__Try it__. As written and without pictures, set down the lines from the one that contains "Used 2023 Ford Explorer XLT image 20" through the end of the data.

Segment Start: Recorded information

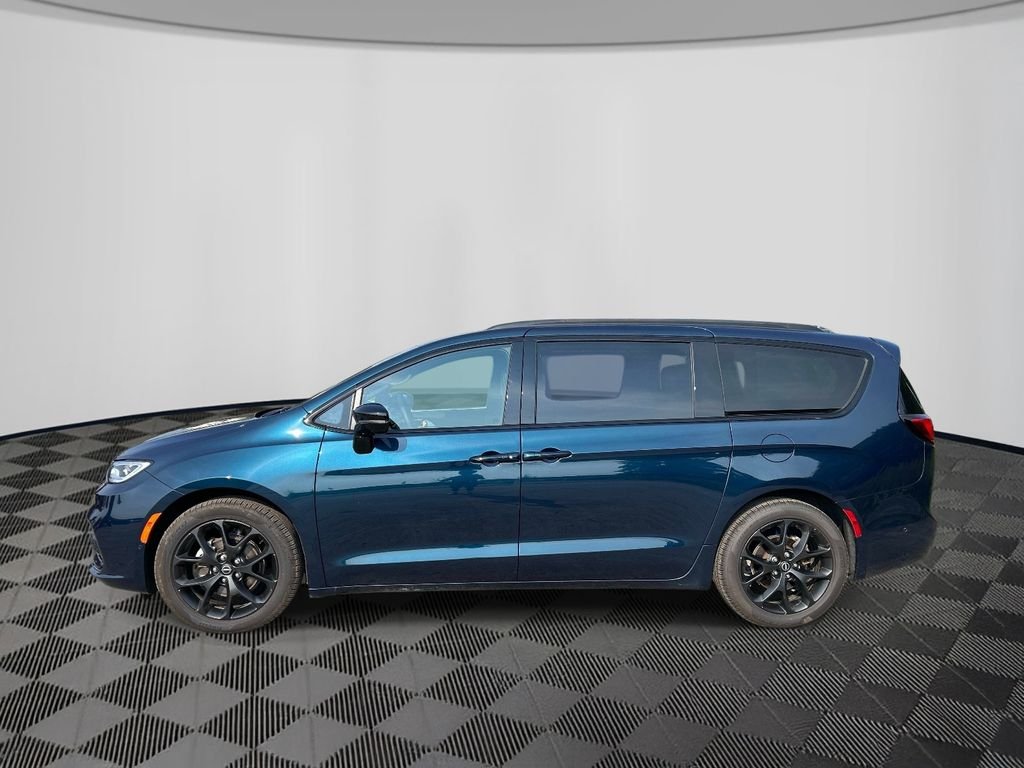 Used 2025 Blue Chrysler Limited image 2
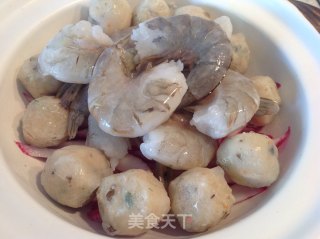 萝卜海鲜煲的做法步骤：5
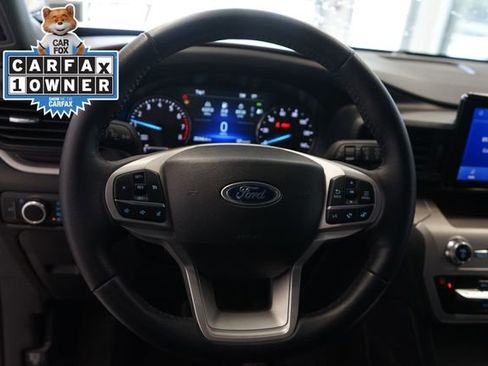 Used 2023 Ford Explorer XLT image 20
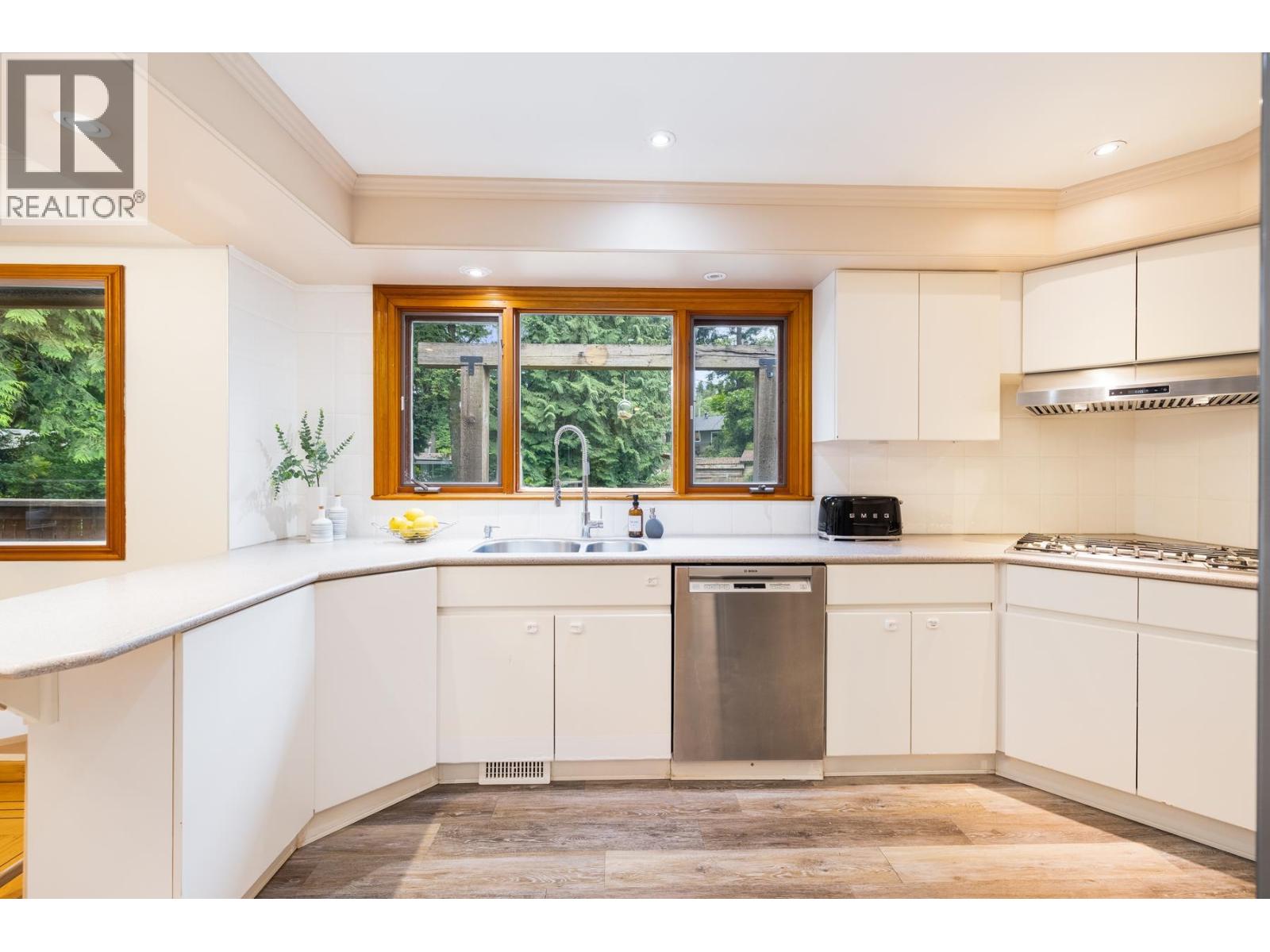1561 MERLYNN CRESCENT, North Vancouver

Segment End: Recorded information

__Answer for the task__.
 Used 2023 Ford Explorer XLT image 20
1561 MERLYNN CRESCENT, North Vancouver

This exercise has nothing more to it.